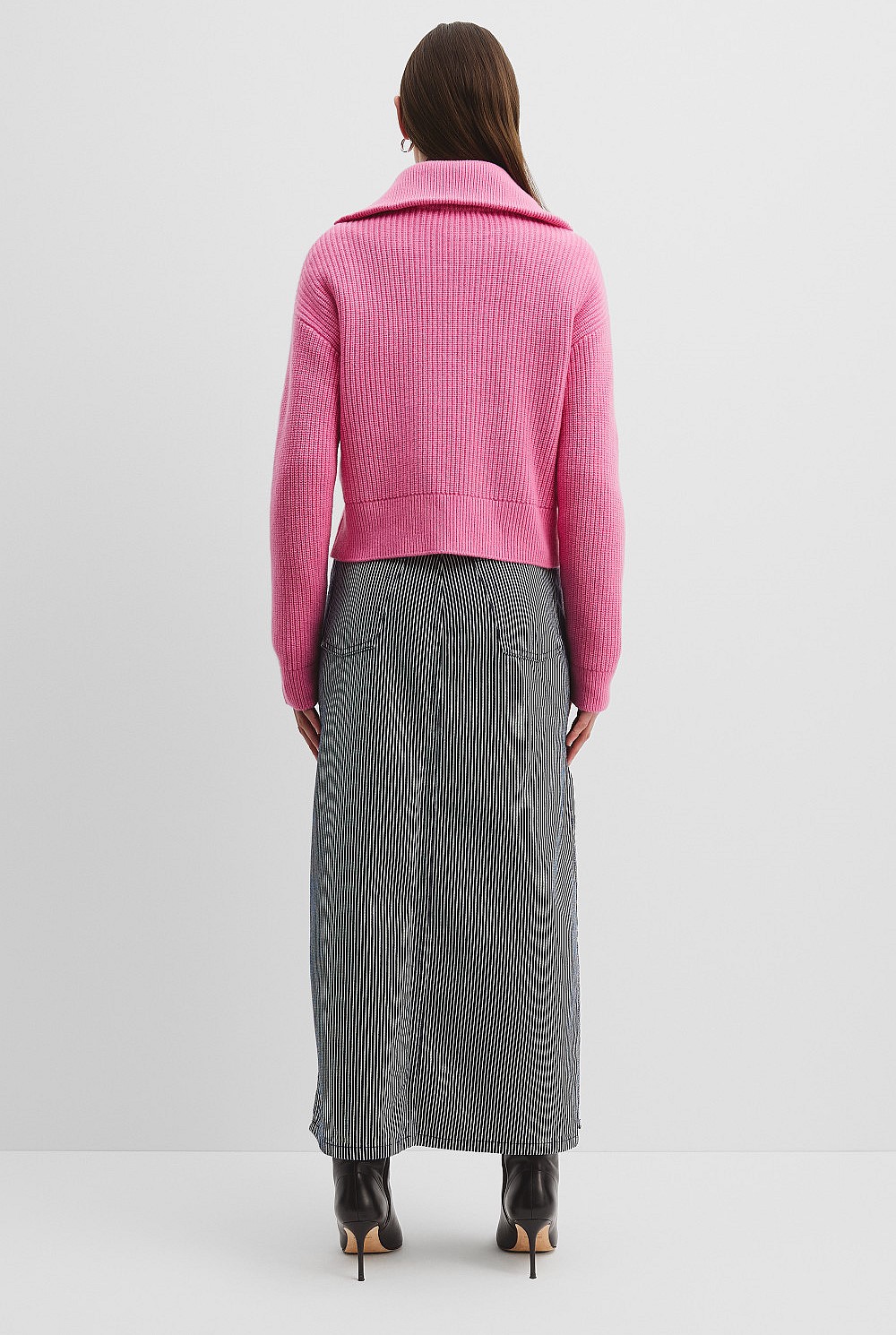 Pink Punch Organically Grown Cotton Blend Zip Neck Rib Knit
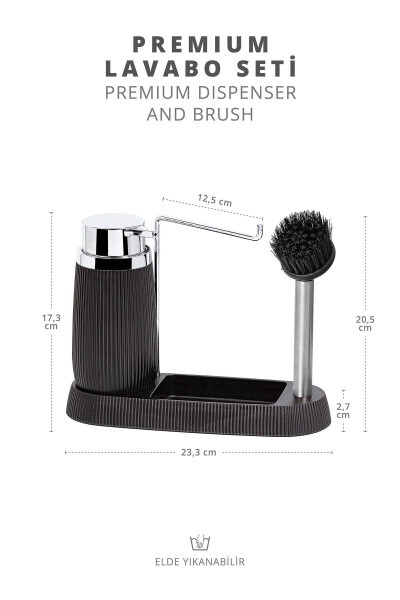 Siyah Premium Fırçalık ve Sabunluk Lavabo Seti - Siyah - 2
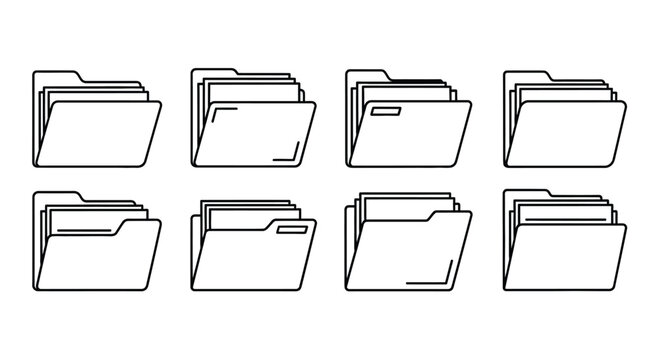 Set of eight hand drawn folder icons representing document organization and data storage concepts vector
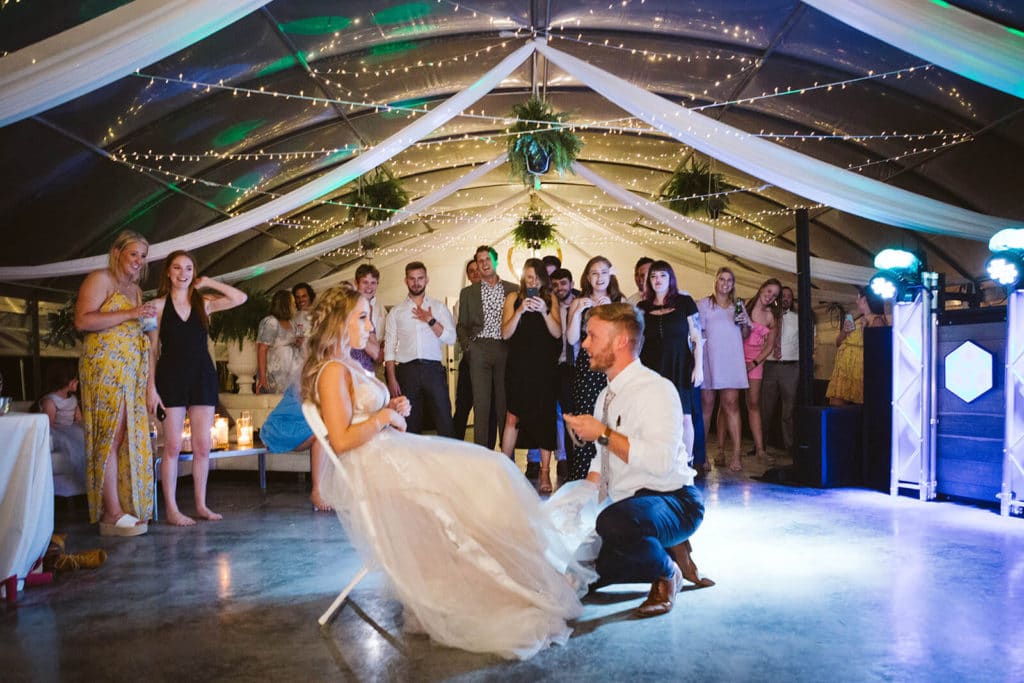 Greenhouse wedding reception at the Venue at Lilly Lou's. Photo by OkCrowe Photography.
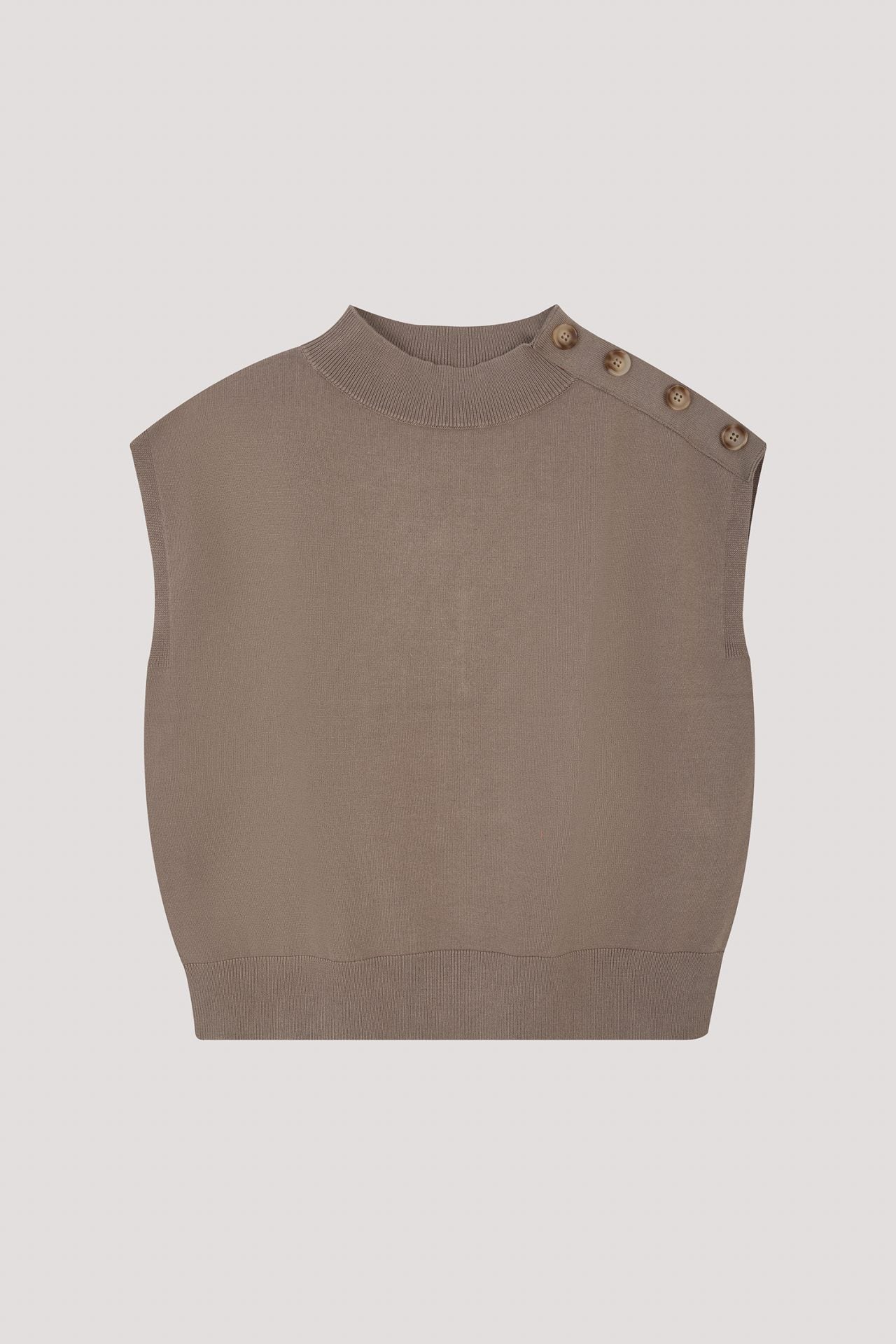 Contrast Ribbed Knit Top - Beige - Pomelo Fashion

TASK ITEM:
Copy exactly the lines from the line containing "Set of eight" through the last line of the records, both included, and omit every picture.

REPLY TO THE TASK:
 Set of eight hand drawn folder icons representing document organization and data storage concepts vector
 Greenhouse wedding reception at the Venue at Lilly Lou's. Photo by OkCrowe Photography.
 Contrast Ribbed Knit Top - Beige - Pomelo Fashion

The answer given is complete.